**PROBLEM:**
Every line from the line containing "ミッドタウンの夜桜_a0142478_355663.jpg" through the final line of the data is to be printed exactly; no other line is to appear.

(Recorded data)
──────────
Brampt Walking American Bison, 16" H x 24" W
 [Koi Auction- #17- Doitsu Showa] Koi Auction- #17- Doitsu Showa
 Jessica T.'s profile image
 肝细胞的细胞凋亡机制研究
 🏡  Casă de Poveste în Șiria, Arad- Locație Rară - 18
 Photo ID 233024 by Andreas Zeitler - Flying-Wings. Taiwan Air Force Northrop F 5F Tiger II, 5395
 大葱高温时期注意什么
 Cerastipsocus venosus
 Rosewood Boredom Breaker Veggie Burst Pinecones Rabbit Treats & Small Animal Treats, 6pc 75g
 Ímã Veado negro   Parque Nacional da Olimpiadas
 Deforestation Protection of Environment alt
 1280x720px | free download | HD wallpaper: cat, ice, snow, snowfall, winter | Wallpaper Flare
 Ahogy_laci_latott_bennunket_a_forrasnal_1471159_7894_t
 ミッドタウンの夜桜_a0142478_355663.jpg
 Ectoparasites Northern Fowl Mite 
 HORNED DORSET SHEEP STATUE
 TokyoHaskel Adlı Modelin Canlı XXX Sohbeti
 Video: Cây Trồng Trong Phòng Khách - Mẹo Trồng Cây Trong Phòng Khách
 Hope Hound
──────────
**TASK OUTPUT:**
 ミッドタウンの夜桜_a0142478_355663.jpg
 Ectoparasites Northern Fowl Mite 
 HORNED DORSET SHEEP STATUE
 TokyoHaskel Adlı Modelin Canlı XXX Sohbeti
 Video: Cây Trồng Trong Phòng Khách - Mẹo Trồng Cây Trong Phòng Khách
 Hope Hound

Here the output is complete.